To do:
The reply should match the listing below character for character, except that no image is carried over.

Data provided:
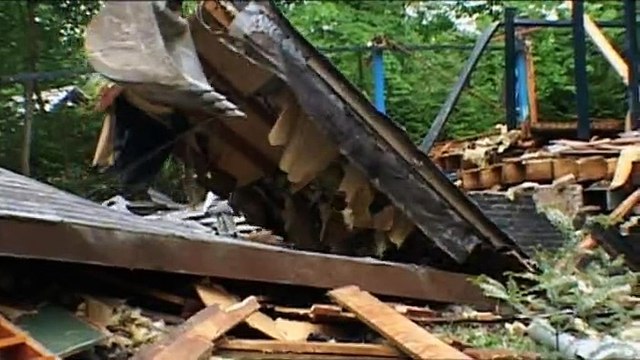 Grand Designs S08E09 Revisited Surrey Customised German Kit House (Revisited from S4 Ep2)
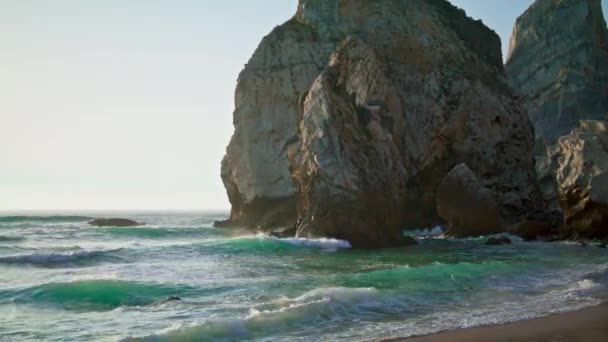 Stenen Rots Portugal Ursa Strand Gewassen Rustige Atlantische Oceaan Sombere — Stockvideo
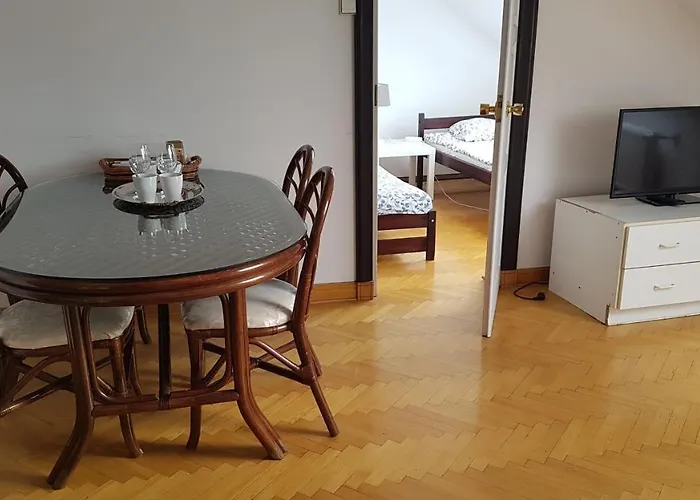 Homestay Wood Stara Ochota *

Written reply:
 Grand Designs S08E09 Revisited Surrey Customised German Kit House (Revisited from S4 Ep2)
 Stenen Rots Portugal Ursa Strand Gewassen Rustige Atlantische Oceaan Sombere — Stockvideo
 Homestay Wood Stara Ochota *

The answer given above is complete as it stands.